* [TASK MATERIAL]:
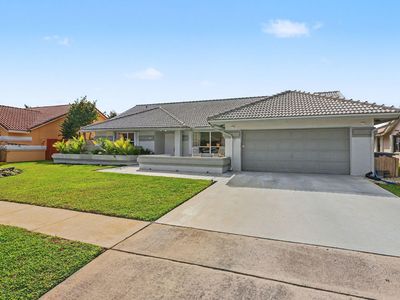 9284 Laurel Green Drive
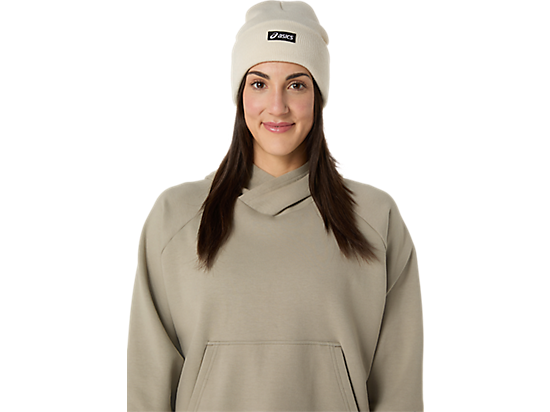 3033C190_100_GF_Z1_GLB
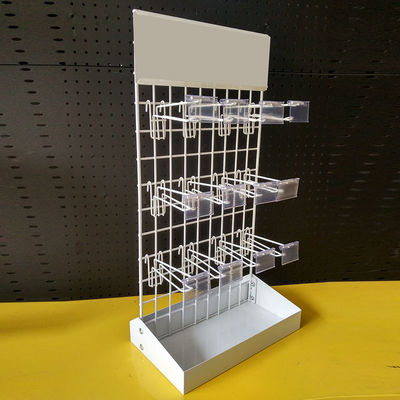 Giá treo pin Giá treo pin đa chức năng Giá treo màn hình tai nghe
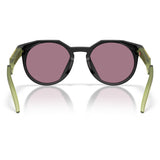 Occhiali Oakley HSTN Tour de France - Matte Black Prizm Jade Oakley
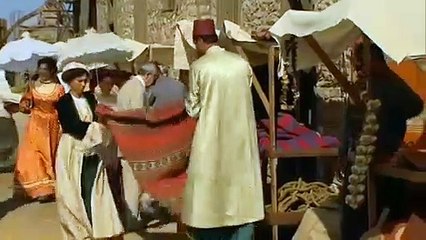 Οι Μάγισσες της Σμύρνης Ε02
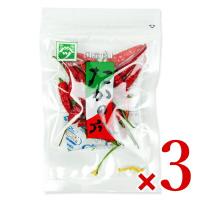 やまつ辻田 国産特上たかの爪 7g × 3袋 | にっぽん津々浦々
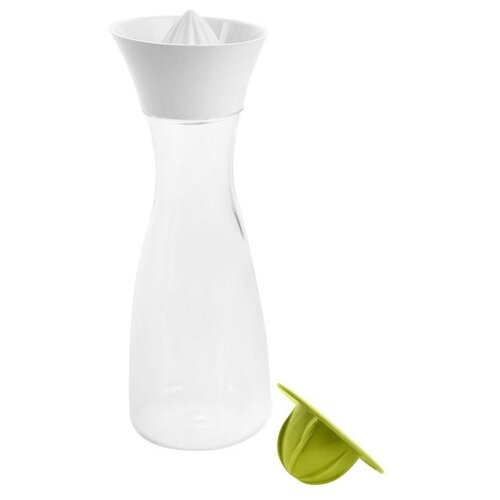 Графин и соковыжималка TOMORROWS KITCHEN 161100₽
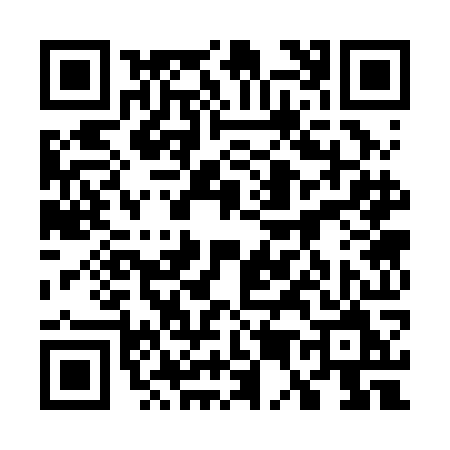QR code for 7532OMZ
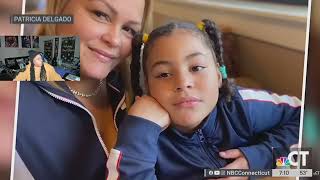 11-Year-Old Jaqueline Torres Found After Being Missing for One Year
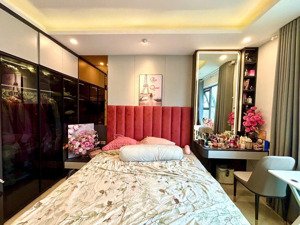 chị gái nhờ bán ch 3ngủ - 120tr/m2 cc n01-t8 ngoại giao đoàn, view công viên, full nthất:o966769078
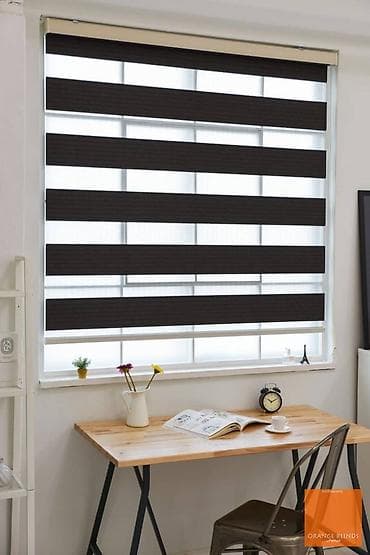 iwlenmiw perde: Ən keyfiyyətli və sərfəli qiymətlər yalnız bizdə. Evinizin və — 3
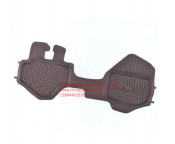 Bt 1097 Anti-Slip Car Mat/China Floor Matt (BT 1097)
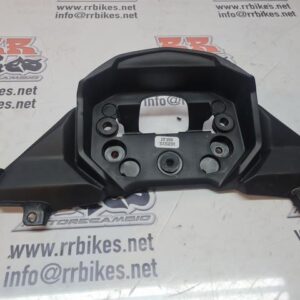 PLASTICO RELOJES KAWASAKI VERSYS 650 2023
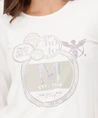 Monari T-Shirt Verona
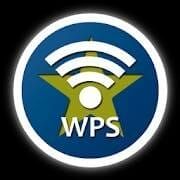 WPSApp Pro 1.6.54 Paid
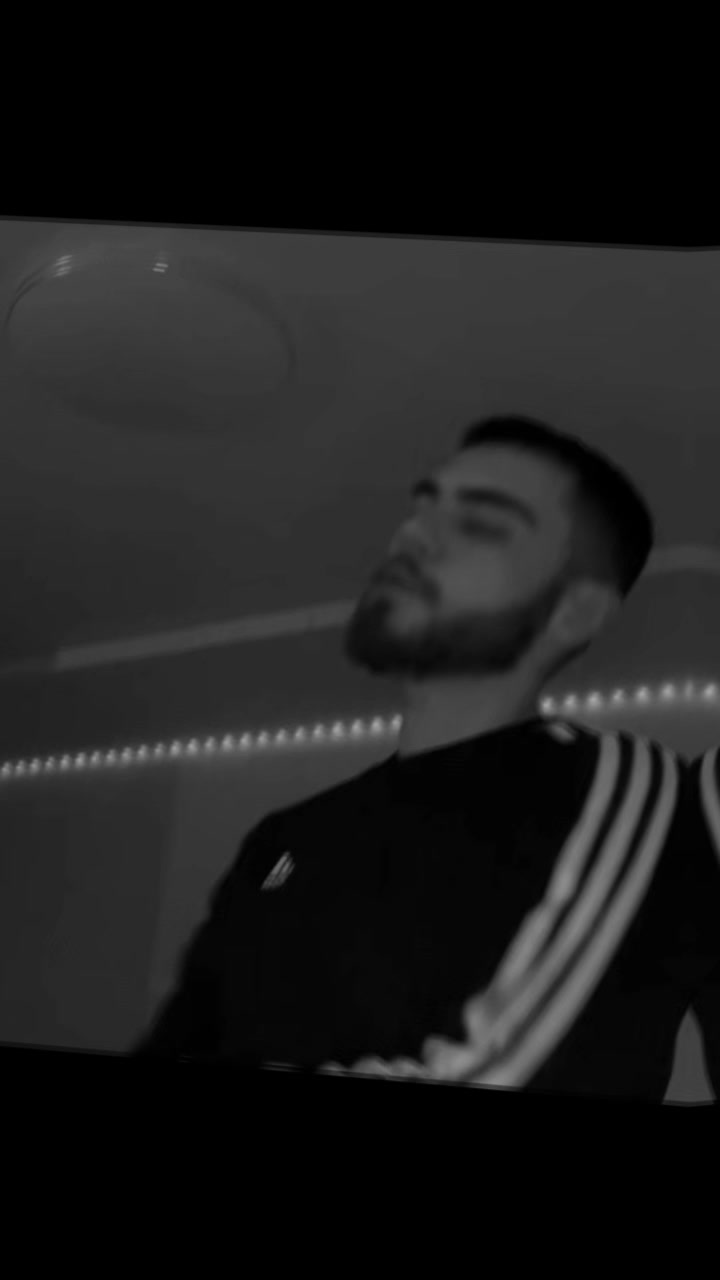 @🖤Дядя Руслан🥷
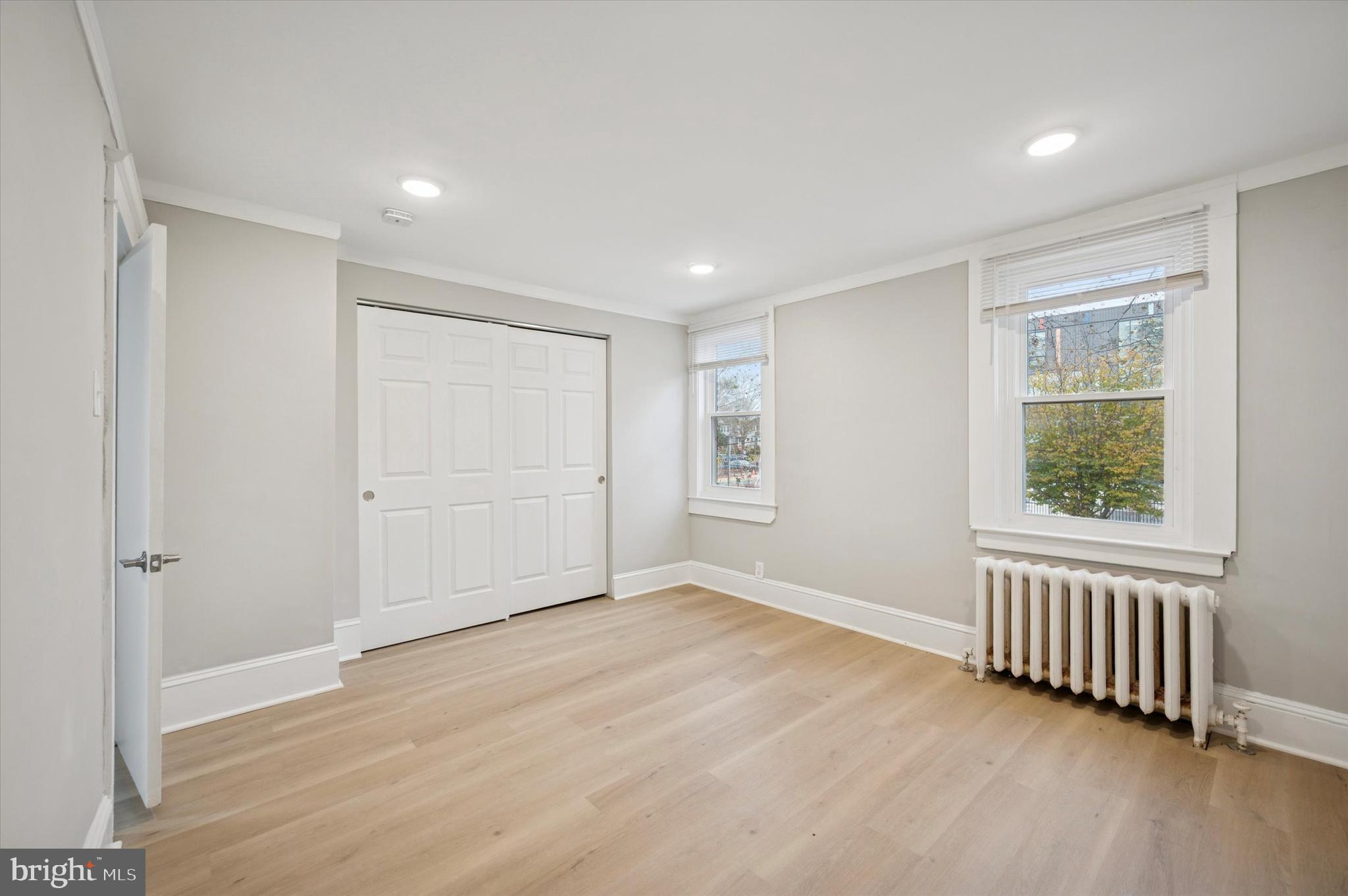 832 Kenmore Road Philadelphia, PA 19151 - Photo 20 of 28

* [REQUIRED ACTION]:
From the material above, reproduce only what runs from the line holding "Giá treo pin Giá" down to the line holding "chị gái nhờ", both included, pictures excluded.

* [EXPECTED ANSWER]:
 Giá treo pin Giá treo pin đa chức năng Giá treo màn hình tai nghe
 Occhiali Oakley HSTN Tour de France - Matte Black Prizm Jade Oakley
 Οι Μάγισσες της Σμύρνης Ε02
 やまつ辻田 国産特上たかの爪 7g × 3袋 | にっぽん津々浦々
 Графин и соковыжималка TOMORROWS KITCHEN 161100₽
QR code for 7532OMZ
 11-Year-Old Jaqueline Torres Found After Being Missing for One Year
 chị gái nhờ bán ch 3ngủ - 120tr/m2 cc n01-t8 ngoại giao đoàn, view công viên, full nthất:o966769078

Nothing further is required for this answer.